*** RECORDS FOR THE EXERCISE

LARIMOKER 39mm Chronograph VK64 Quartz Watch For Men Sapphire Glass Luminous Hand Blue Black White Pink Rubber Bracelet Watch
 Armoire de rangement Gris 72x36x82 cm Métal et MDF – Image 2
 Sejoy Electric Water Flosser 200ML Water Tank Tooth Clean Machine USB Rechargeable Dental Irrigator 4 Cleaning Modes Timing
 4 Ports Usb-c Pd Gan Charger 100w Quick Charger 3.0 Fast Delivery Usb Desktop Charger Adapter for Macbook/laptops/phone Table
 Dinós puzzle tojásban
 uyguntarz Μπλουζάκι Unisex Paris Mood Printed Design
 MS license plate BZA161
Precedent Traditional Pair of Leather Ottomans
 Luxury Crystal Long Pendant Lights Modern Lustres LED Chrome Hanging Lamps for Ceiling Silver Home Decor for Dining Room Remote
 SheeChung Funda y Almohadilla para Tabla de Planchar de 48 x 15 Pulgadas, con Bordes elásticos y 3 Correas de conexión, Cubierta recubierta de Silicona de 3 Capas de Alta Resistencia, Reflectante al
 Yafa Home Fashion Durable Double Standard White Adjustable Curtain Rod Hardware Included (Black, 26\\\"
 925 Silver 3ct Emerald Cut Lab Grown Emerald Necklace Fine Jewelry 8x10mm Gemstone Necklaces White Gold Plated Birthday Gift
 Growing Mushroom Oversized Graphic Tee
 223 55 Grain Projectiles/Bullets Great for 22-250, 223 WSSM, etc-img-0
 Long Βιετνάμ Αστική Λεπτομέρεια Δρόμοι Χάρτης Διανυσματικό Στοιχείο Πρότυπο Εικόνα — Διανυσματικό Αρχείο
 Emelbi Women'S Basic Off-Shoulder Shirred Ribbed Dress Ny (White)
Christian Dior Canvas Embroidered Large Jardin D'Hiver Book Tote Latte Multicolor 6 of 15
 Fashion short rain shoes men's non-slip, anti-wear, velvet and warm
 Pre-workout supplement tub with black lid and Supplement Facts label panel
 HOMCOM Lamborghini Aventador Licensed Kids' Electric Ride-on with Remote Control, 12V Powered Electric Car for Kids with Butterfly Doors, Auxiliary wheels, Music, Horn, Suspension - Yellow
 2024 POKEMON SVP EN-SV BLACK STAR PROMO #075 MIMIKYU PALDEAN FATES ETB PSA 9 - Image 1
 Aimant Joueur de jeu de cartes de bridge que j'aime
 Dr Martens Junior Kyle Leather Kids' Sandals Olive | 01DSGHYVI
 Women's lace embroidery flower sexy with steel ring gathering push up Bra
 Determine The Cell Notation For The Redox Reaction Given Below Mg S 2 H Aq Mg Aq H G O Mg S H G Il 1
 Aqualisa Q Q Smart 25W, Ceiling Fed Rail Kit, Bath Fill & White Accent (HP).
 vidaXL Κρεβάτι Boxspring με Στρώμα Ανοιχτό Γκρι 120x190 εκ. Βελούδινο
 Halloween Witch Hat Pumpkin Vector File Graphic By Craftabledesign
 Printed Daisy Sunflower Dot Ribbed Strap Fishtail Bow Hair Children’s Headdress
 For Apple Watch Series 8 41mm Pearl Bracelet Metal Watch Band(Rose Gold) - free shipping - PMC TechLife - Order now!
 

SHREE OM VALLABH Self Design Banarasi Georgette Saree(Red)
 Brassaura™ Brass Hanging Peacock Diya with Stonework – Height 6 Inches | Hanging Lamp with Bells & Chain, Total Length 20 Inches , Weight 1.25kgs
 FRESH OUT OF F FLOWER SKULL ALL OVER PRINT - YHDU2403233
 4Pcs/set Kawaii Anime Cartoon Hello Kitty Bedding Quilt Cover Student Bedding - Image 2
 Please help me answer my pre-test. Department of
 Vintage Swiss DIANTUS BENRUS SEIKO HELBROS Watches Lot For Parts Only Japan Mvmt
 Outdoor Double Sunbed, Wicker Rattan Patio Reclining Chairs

******

* WHAT YOU WILL DO:
The answer is the line containing "4Pcs/set Kawaii Anime" together with every line after it in the records, repeated exactly and with nothing else.

* FINISHED EXERCISE:
 4Pcs/set Kawaii Anime Cartoon Hello Kitty Bedding Quilt Cover Student Bedding - Image 2
 Please help me answer my pre-test. Department of
 Vintage Swiss DIANTUS BENRUS SEIKO HELBROS Watches Lot For Parts Only Japan Mvmt
 Outdoor Double Sunbed, Wicker Rattan Patio Reclining Chairs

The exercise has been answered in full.